City staff on Monday proposed a targeted revision to Brentwood's wireless communications ordinance aimed at addressing persistent mobile-service gaps on the city's east side.
Under the draft approach staff described, new monopole towers not to exceed 160 feet could be allowed only after an applicant demonstrates deficient service through a propagation study, pays for an independent third-party review of that study, and proposes a location on property owned or leased by a governmental or quasi-governmental entity or by a residential homeowners'association. The plan would preserve the existing three-tier review structure and create a limited subcategory in which the city's planning commission would review camouflage, fall-zone engineering and site screening.
Staff said the 160-foot height is an engineering cap informed by carrier input and local topography rather than an arbitrary number. They said individual sites would be engineered to the minimum height needed for coverage and that carriers generally avoid taller-than-necessary towers because of material and construction costs.
The draft also requires co-location capacity so multiple carriers can place antennas on the same tower, internal wiring in monopoles, disguised designs where feasible (flagpoles, faux trees, flagpoles and other camouflage were shown as examples), certified engineered collapse behavior in lieu of a 110% fall-zone setback, fully screened ground equipment and certified neighborhood notification to property owners within 1,000 feet of the proposed site.

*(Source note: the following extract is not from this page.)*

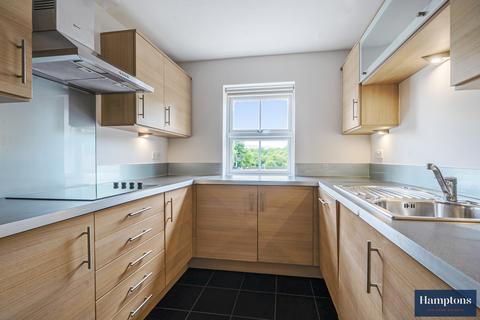 2 bedroom flat for sale, Station Approach, Amersham, HP6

Staff acknowledged federal limits on local review timelines (a so-called federal "shot clock" that can be 90 or 150 days depending on the application) and said the city would aim to comply with federal law while adding the third-party review and public-notice steps. Staff also repeated the city's existing preference to discourage lattice towers and guy‑wired structures and to favor monopoles and disguised mounts where possible.

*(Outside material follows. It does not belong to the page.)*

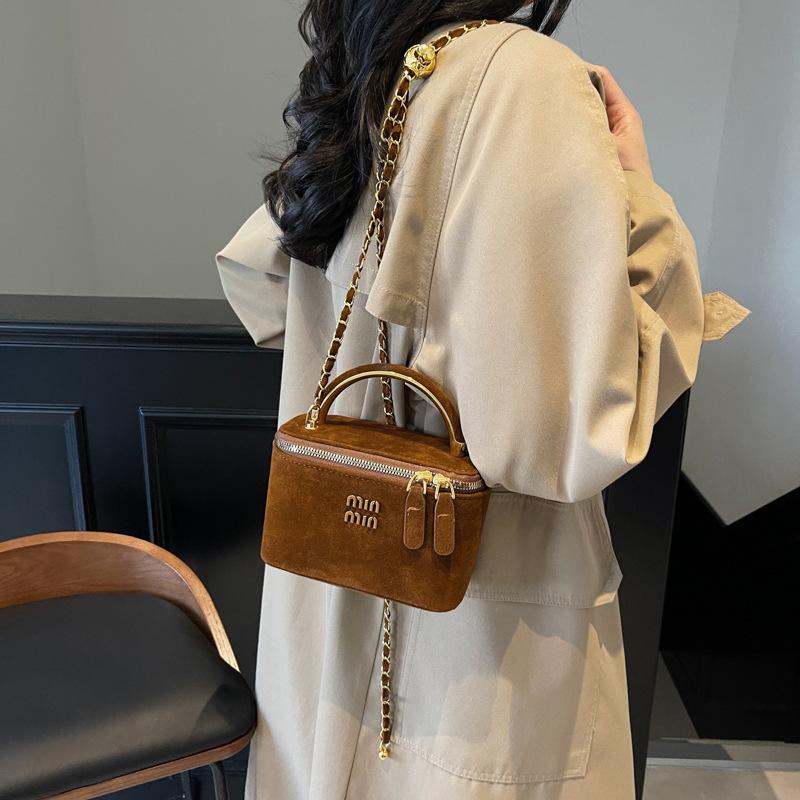 Small fresh and simple commuter shoulder bag PU texture exquisite women's box bag versatile trendy fashion messenger small square bag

The presentation identified several local circumstances argued to motivate a change: longstanding coverage holes east of Interstate 65 and Wilson Pike, places with poor in‑building signal where emergency calls and remote work could be impaired, and a near-term operational issue in which a Nolensville Water Utility District water tank that currently carries antennas will be replaced and may require carriers to relocate equipment. Staff said that could prompt earlier carrier applications if the ordinance is adjusted.

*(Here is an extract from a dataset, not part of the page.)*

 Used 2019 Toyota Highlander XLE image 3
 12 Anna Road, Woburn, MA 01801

Staff proposed a timeline that would begin with placement of the ordinance on the commission's agenda for a first reading in December, a planning commission public hearing in January and a potential second reading later in January, assuming the process moves without substantial delays or additional requests for information.
Commissioners and staff cautioned that any code‑compliant application remains difficult to deny under federal law; they emphasized the proposed rules were intentionally narrow, limited to certain site ownership types and subject to substantial evidentiary requirements and planning commission review so the city could try to fill gaps without authorizing widespread new tower locations.
No formal action was recorded in the meeting transcript; staff said they would return with a draft ordinance and additional details.